● **About this task**: Exact reproduction of the listing is required. Pictures are not reproduced.

== Segment start ==

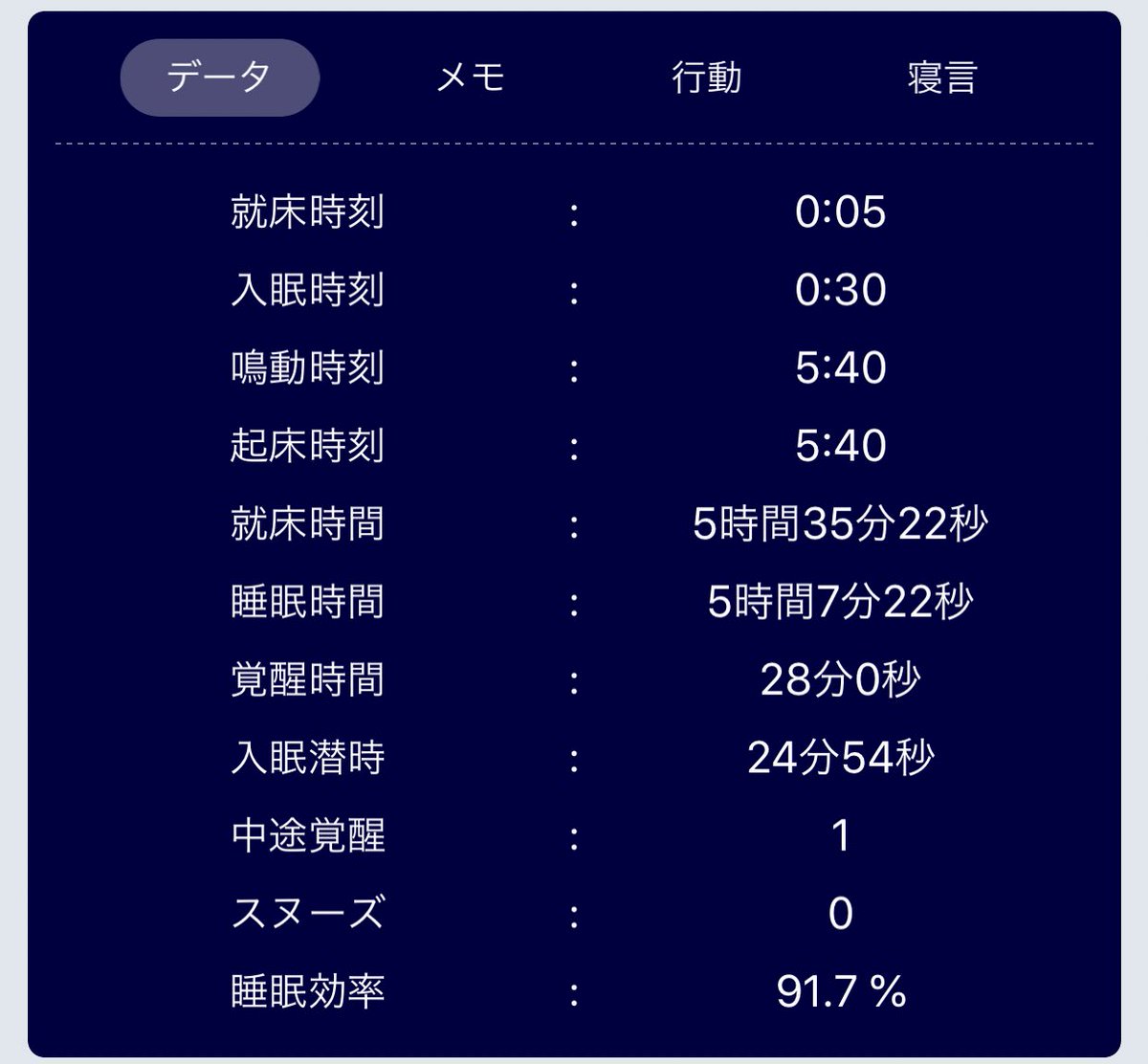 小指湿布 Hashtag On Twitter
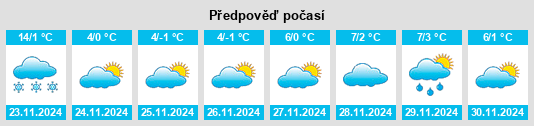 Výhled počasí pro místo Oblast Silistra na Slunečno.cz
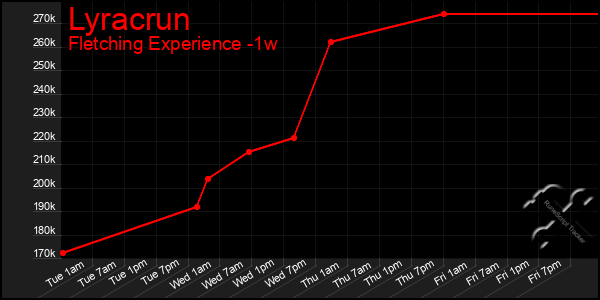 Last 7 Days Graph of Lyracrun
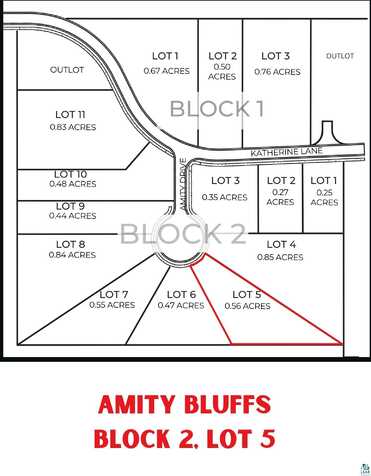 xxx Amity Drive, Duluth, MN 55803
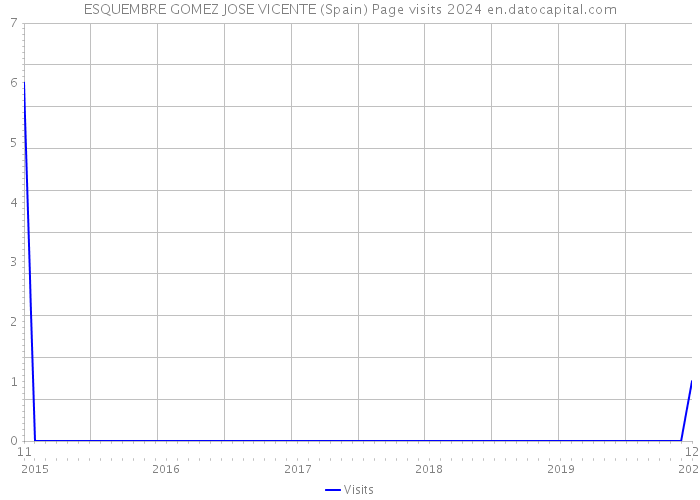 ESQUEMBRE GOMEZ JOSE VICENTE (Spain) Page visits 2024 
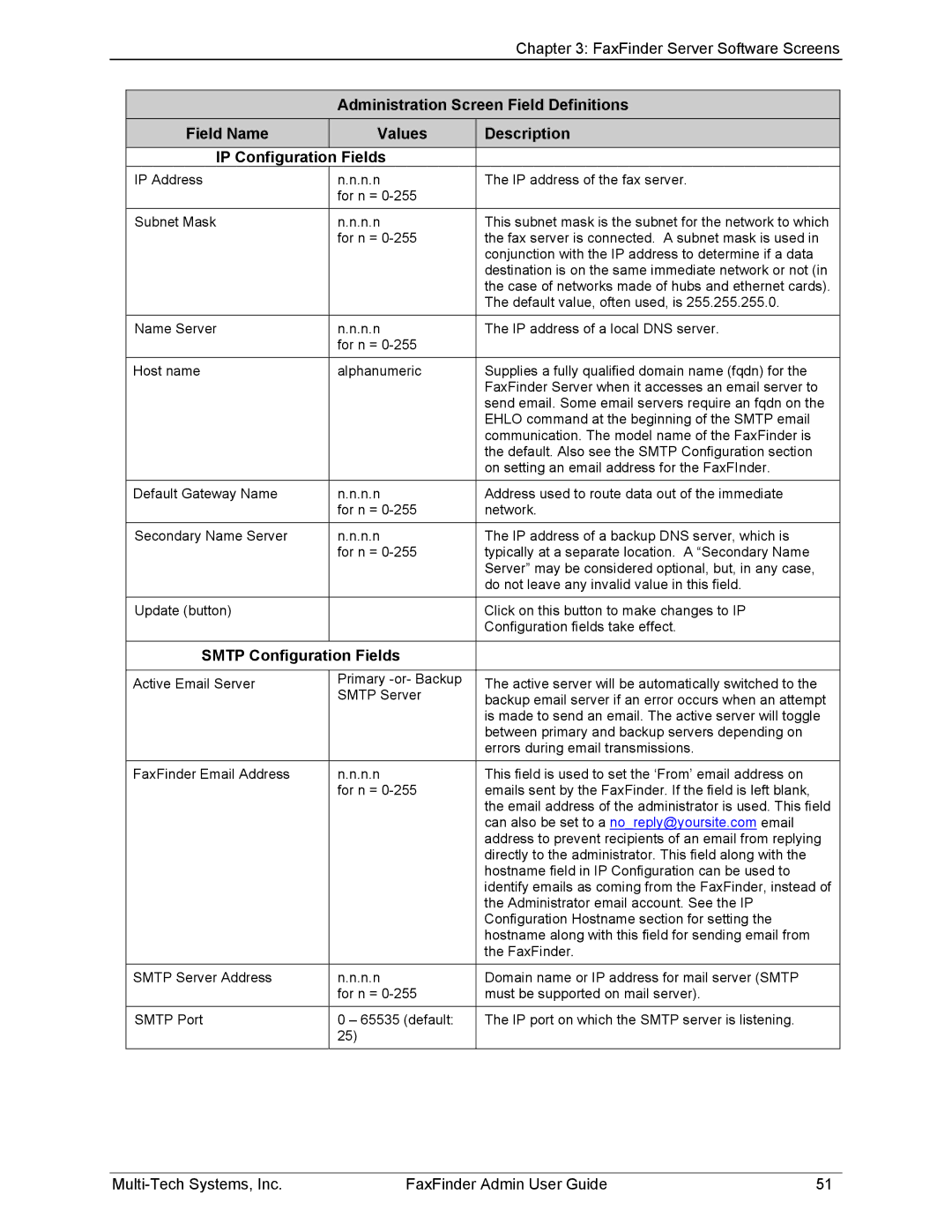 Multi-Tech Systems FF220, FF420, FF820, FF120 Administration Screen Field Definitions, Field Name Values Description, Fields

== Segment end ==

● **Written reply**:
 小指湿布 Hashtag On Twitter
 Výhled počasí pro místo Oblast Silistra na Slunečno.cz
 Last 7 Days Graph of Lyracrun
 xxx Amity Drive, Duluth, MN 55803
 ESQUEMBRE GOMEZ JOSE VICENTE (Spain) Page visits 2024 
 Multi-Tech Systems FF220, FF420, FF820, FF120 Administration Screen Field Definitions, Field Name Values Description, Fields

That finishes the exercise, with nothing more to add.